Among the entries below, the lines from the one with "LED laiptų apšvietimas" up to and including the one with "Watercolor Christmas at" are to be restated exactly, without pictures.

::: Information :::

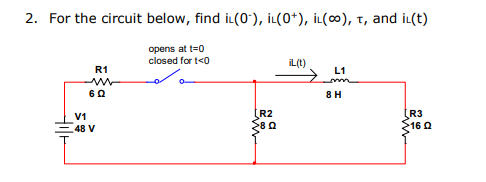 Solved 2. For the circuit below, find iL(0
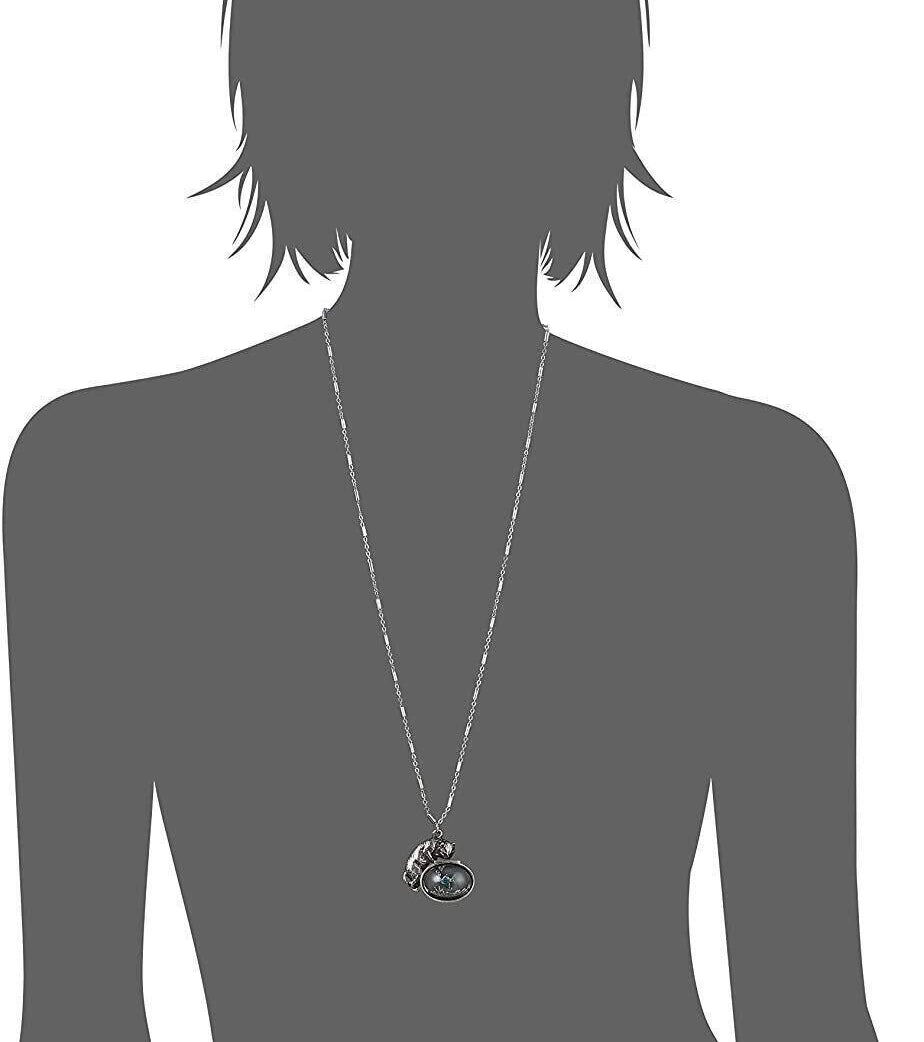 1928 Jewelry Whimsical Cat & Blue and Green Fish Pendant Necklace 30"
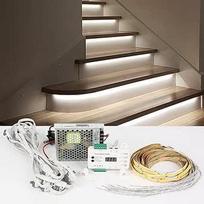 LED laiptų apšvietimas su judesio jutikliu, 16 lygių LED laiptų šviesos juosta, neutrali balta šviesa (16 pakopų RL-STEP-05-4000K)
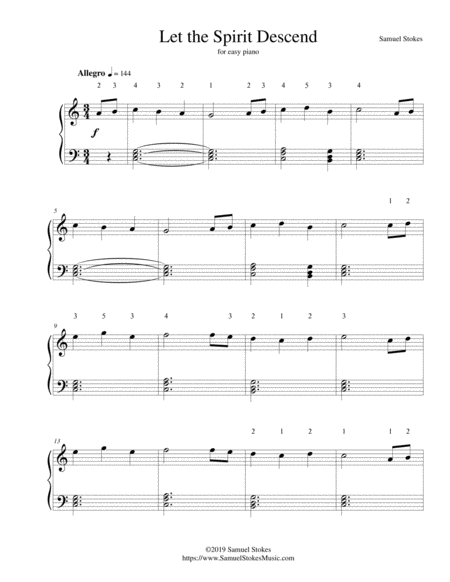 Let The Spirit Descend Hymn For Pentecost For Easy Piano Sheet Music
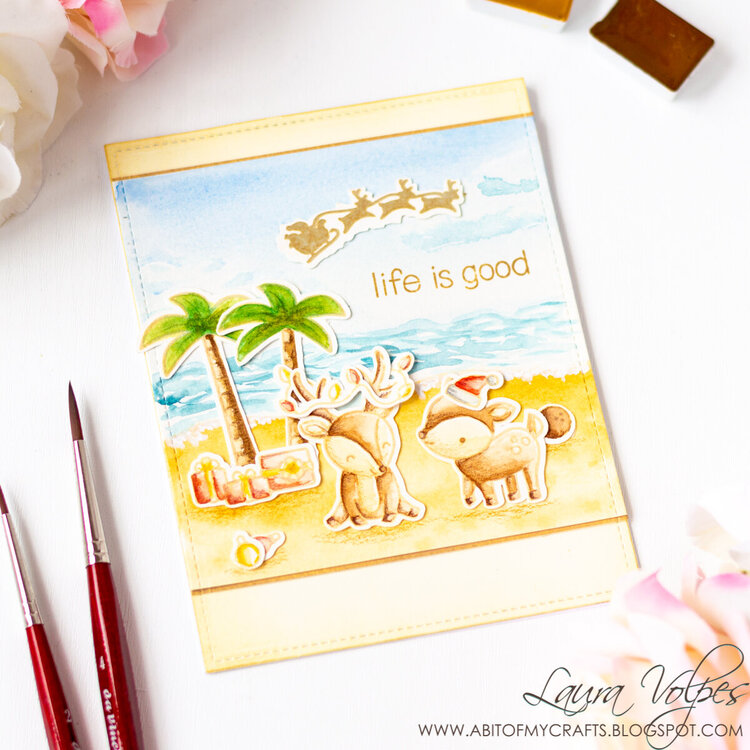 Watercolor Christmas at the Beach Scene feat Lawn Fawn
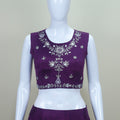 Purple Embroidered Jacket Style Lehenga Set with Belt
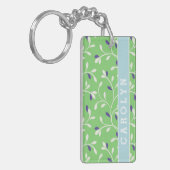 かわいくモダンな緑の巻き毛の葉パターンモノグラム キーホルダー (正面左)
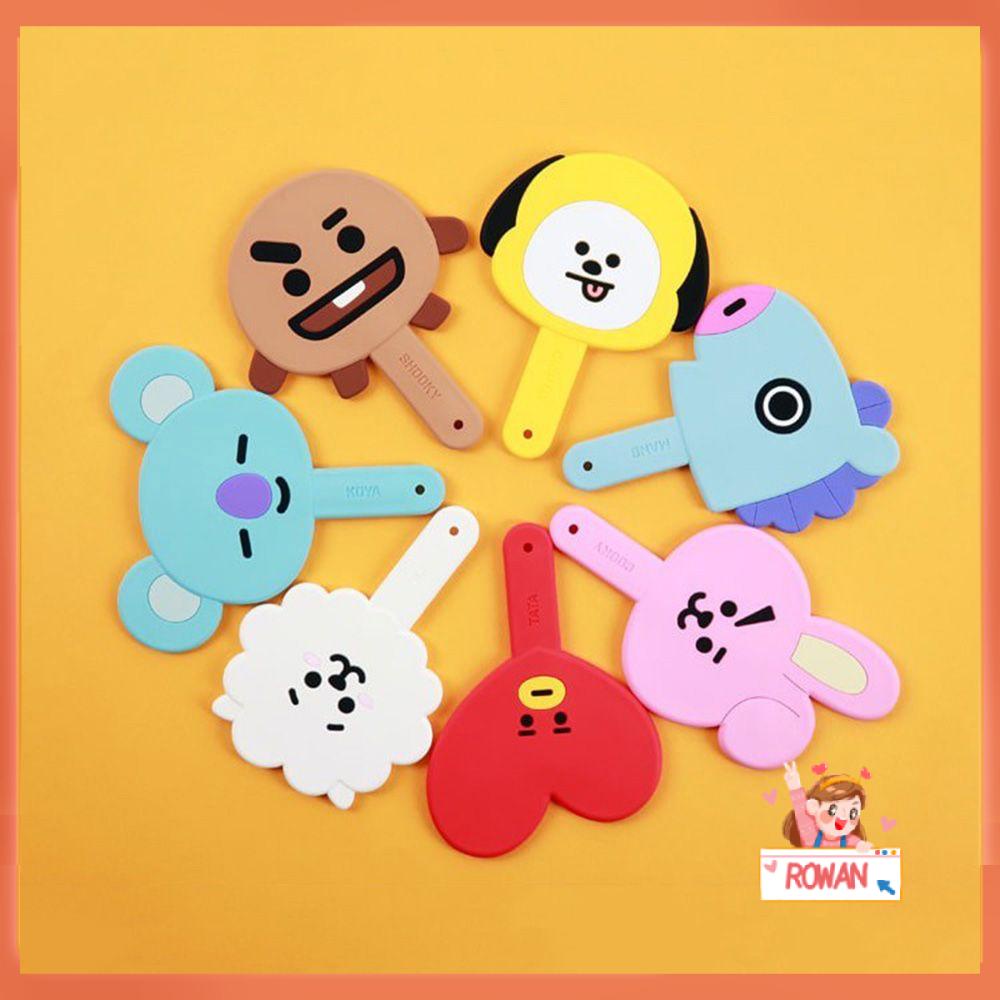 R-flower BT21 Hand Mirror Silica Gel Handle Untuk Anak Perempuan Desain Portable Aksesoris Kosmetik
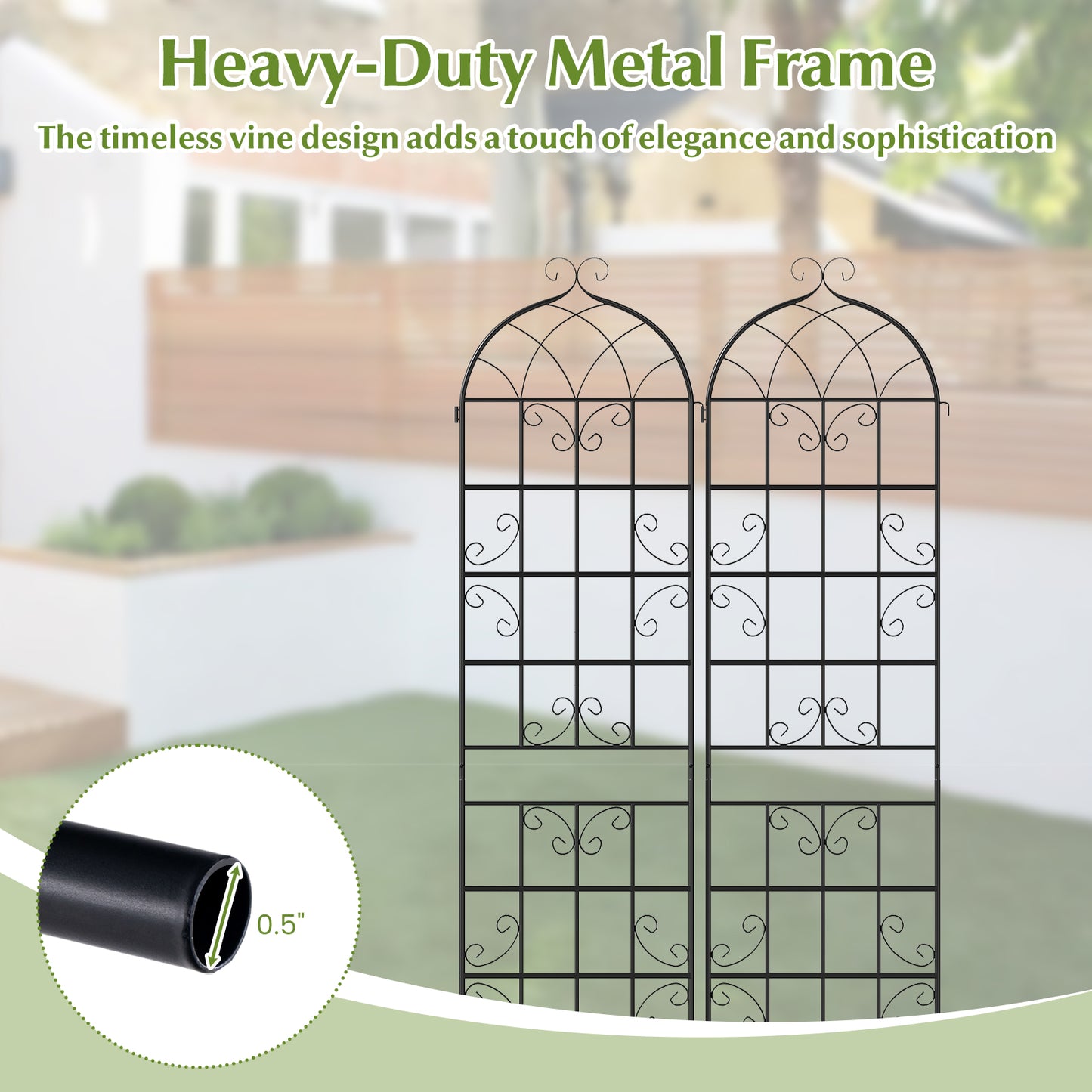 4 Pack 86" x 20" Metal Garden Trellis For Climbing Plants Plant Supports at Gallery Canada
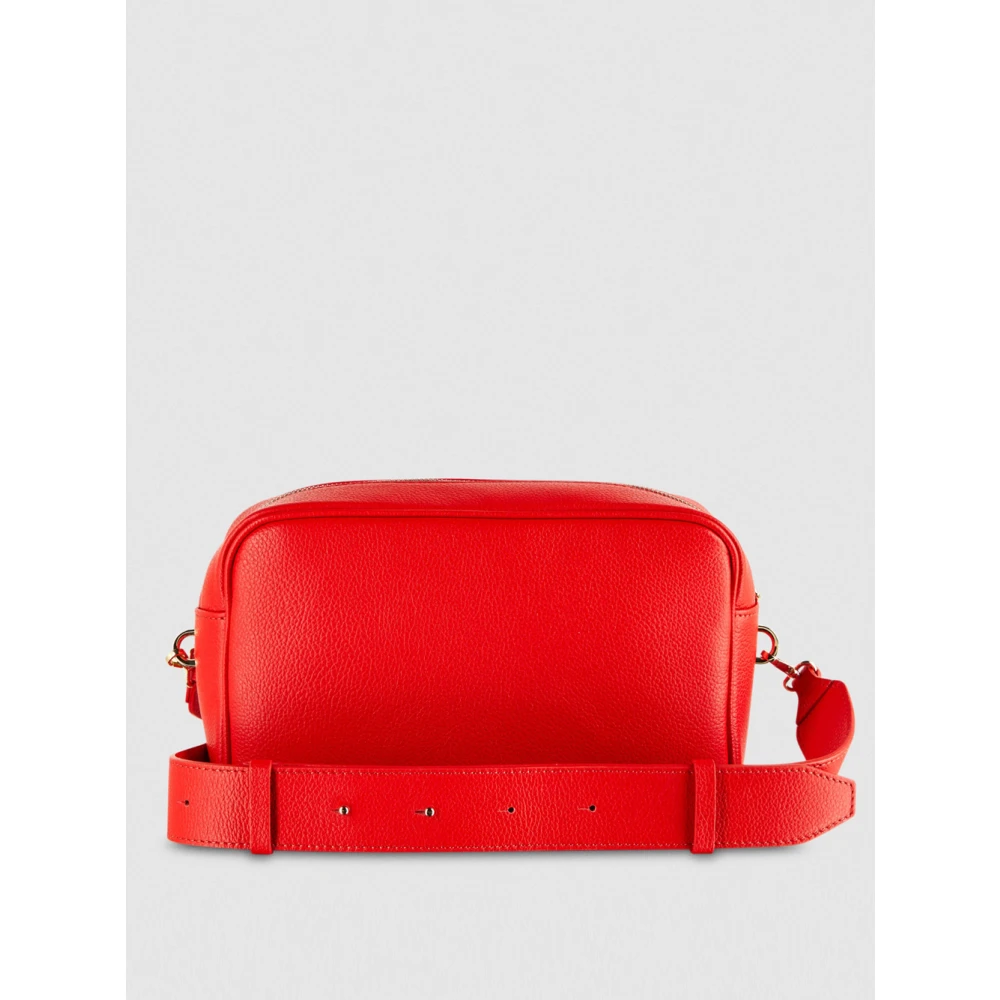 PATRIZIA PEPE Rode leren schoudertas met vliegdetail Red Dames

:::

§ **Response area**:
 LED laiptų apšvietimas su judesio jutikliu, 16 lygių LED laiptų šviesos juosta, neutrali balta šviesa (16 pakopų RL-STEP-05-4000K)
 Let The Spirit Descend Hymn For Pentecost For Easy Piano Sheet Music
 Watercolor Christmas at the Beach Scene feat Lawn Fawn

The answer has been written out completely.